**Problem to solve**:
Copy, word for word, the lines of the listing below from the line with "Phonestrap in theo" up to and including the line with "Chubby Bearded Guys". Drop the pictures.

◆ ◆ ◆ ◆ ◆

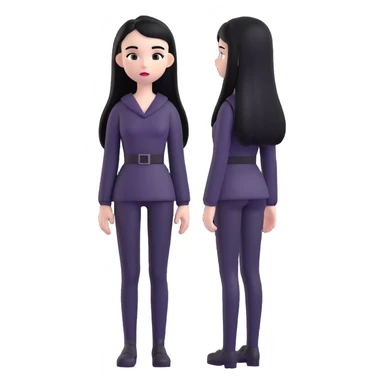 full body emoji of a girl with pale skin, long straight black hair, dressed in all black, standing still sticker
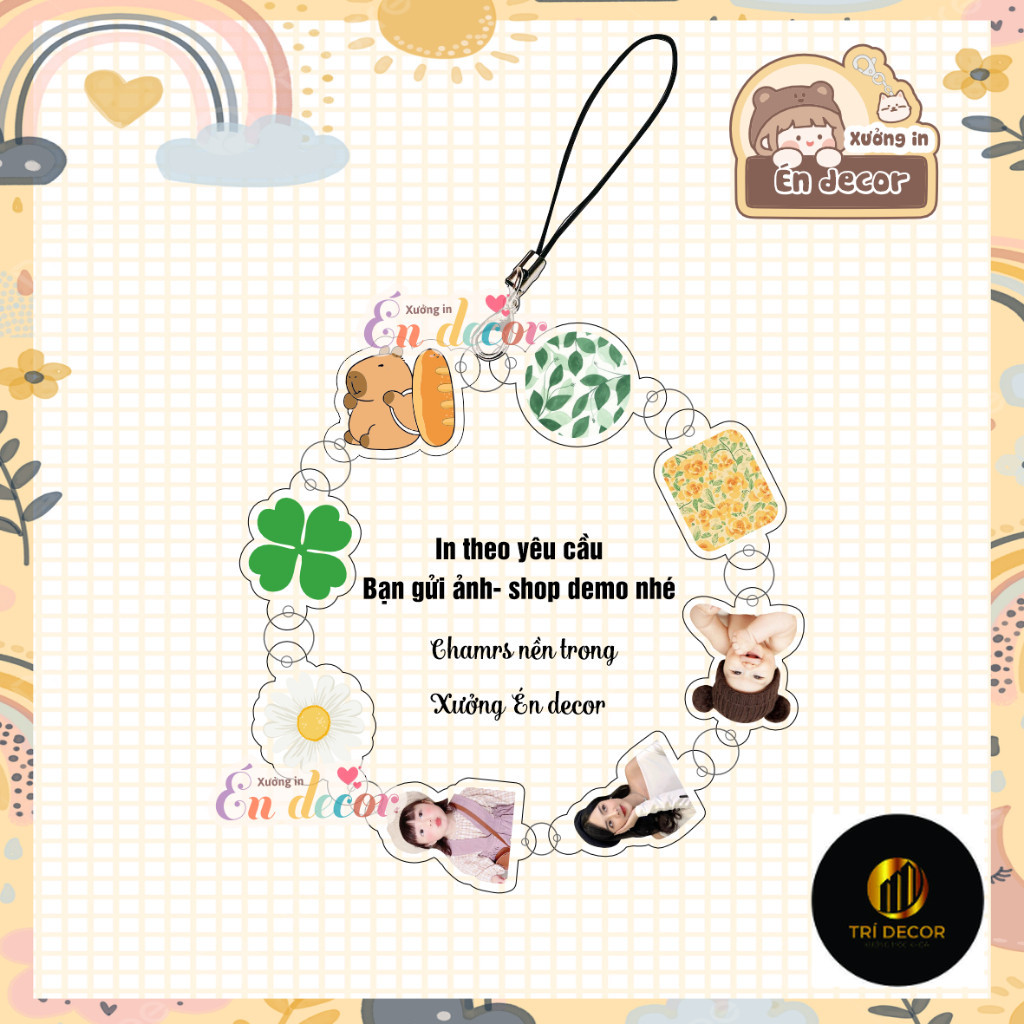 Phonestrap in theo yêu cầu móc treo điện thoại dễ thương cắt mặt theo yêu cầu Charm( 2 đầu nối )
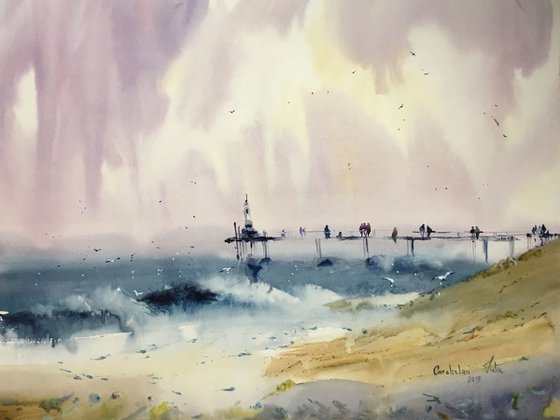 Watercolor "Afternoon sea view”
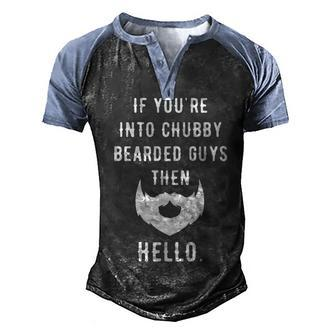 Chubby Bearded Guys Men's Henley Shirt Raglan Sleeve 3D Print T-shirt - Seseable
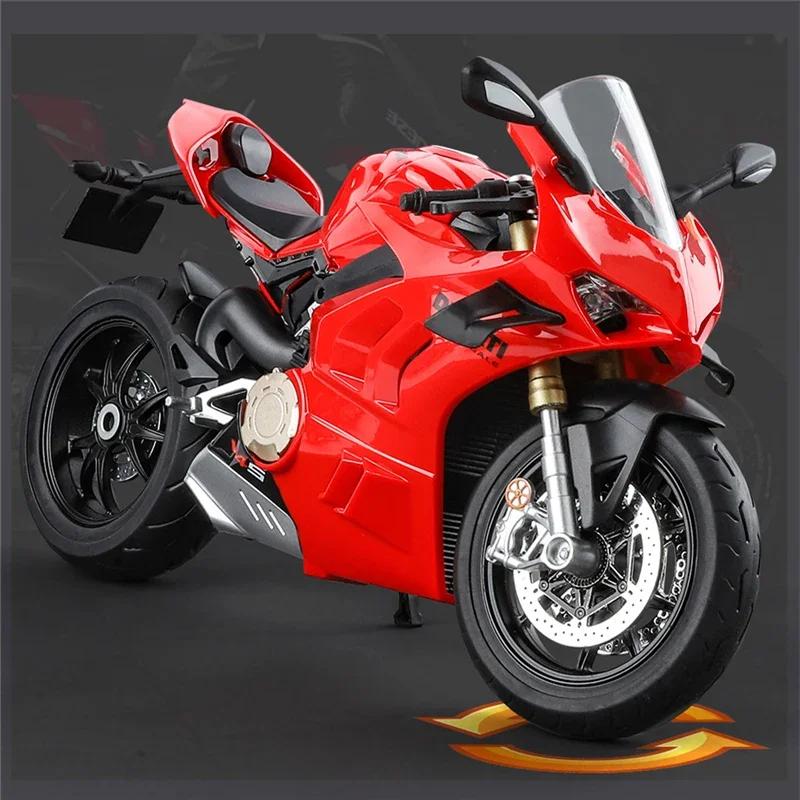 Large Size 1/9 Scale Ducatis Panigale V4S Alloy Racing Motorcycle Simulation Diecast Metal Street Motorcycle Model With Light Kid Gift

◆ ◆ ◆ ◆ ◆

**Task output**:
 Phonestrap in theo yêu cầu móc treo điện thoại dễ thương cắt mặt theo yêu cầu Charm( 2 đầu nối )
 Watercolor "Afternoon sea view”
 Chubby Bearded Guys Men's Henley Shirt Raglan Sleeve 3D Print T-shirt - Seseable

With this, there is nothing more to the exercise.